Originally Posted by Tintin
I have been assuming the it is because of use of the (federal) highway system. So maybe that is why that murder must take place or be planned to take place in Oregon.
Why would be important to Steele that what is likely a woman of 80 be killed?
There is no stated motive, then, correct? As things seem to stand now, the US Attorney will merely assert to the jury that Steele committed a crime and hammer home to them how it was to have been accomplished. That the "plan" was (at face value) non-sensical for a man of Steele's intellect to devise (were he capable of considering such an act) will be downplayed, as will the Feds' one star witness, a man of highly questionable repute.

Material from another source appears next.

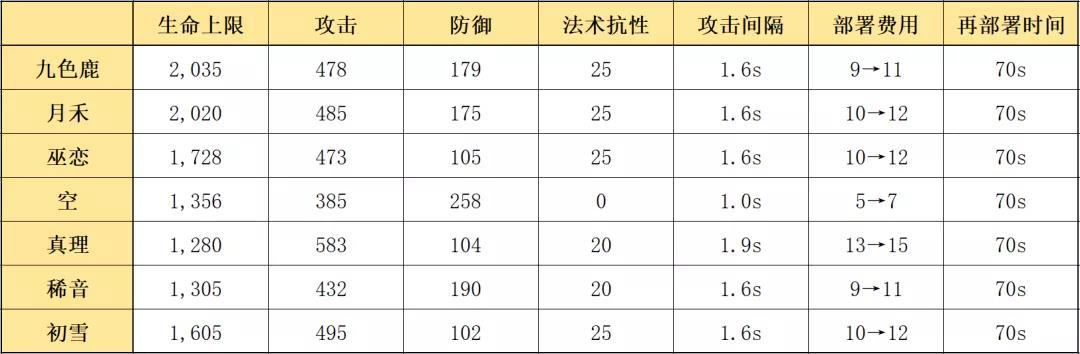 明日方舟九色鹿技能强度测评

The unspoken motive on which the prosecutor will rely will be that Steele has done these idiotic things because he's "crazy", and the "proof" will be his status as a White Nationalist. Plus, he's a lawyer, which the jury members will hate generally at the end of the trial, if not before.
This is all under the assumption that Steele did not, in fact, do what is claimed. It is fully possible logically that Steele could both be guilty and be the subject of a set-up by the DoJ--perhaps hands-off via its friends at the SPLC or ADL.
It seems totally illogical that the US Attorney would prepare a prosecution depending wholly upon a scumbag informant with no actually damning audio evidence. But it isn't. Think of the "intimidation claim" used to deny Steele bond. What would you say to your wife and son in a similar scenario, and were you innocent? Yet it's spun to make him out as the bad guy, as further evidence of his guilt.
I once served on a federal jury, in a non-political case that involved a person who probably should have been in prison. The US Attorney had absolutely -0- evidence, and relied entirely on the reputation of the defendant and the defendant's friends--most of whom had already been put in prison. Despite the glaring lack of substantive evidence, I feel that we on the jury would have convicted Jesus Christ of any charge at the point the prosecution rested. It can be hard to understand unless you've been there.
Steele, if innocent (and thus far I think this likely), has a tough row to hoe--almost as tough as if he were guilty, which is the position from which he will be beginning the trial in the eyes of his jury. He needs an advocate, another attorney to handle his affairs in court. And I don't mean one court-appointed.
He also (again, assuming innocence) needs the unwavering support of his wife and son. By present appearances, the game plan is to line up every kind of conjecture and spin against Steele, including the dubious Fairfax, without any substantive evidence. They will try to break Mrs. Steele's support for her husband, and thereby any chance he has with the jury.
If he's truly guilty, I hope they put him away.